- Exercise goal:
Would you repeat the listing exactly, without any of its images?

- Stored data:
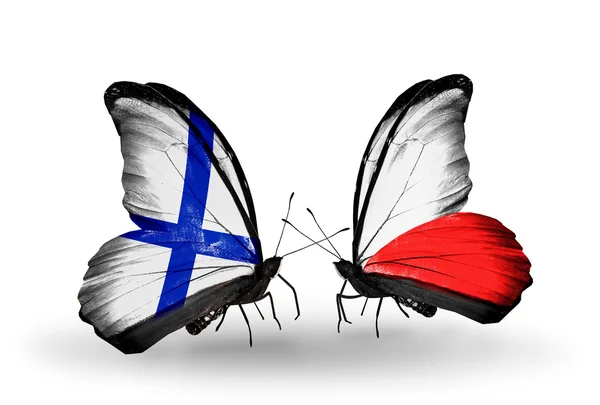 Butterflies with Finland and Poland flags on wings — Stock Photo, Image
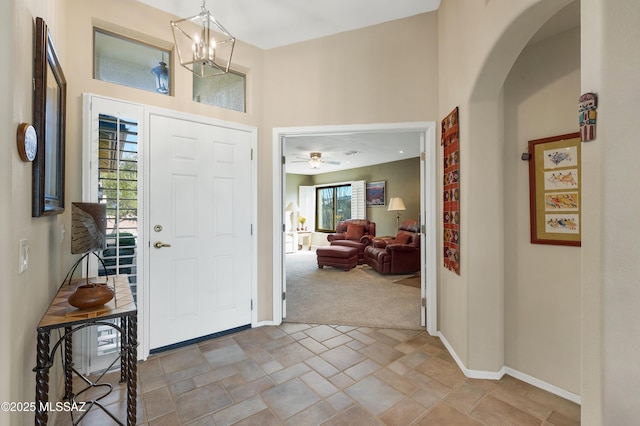 carpeted entrance foyer featuring an inviting chandelier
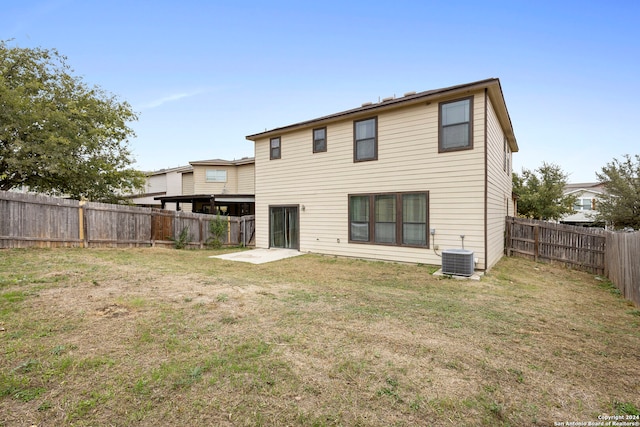 rear view of house with a lawn and central air condition unit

- Finished task:
 Butterflies with Finland and Poland flags on wings — Stock Photo, Image
 carpeted entrance foyer featuring an inviting chandelier
 rear view of house with a lawn and central air condition unit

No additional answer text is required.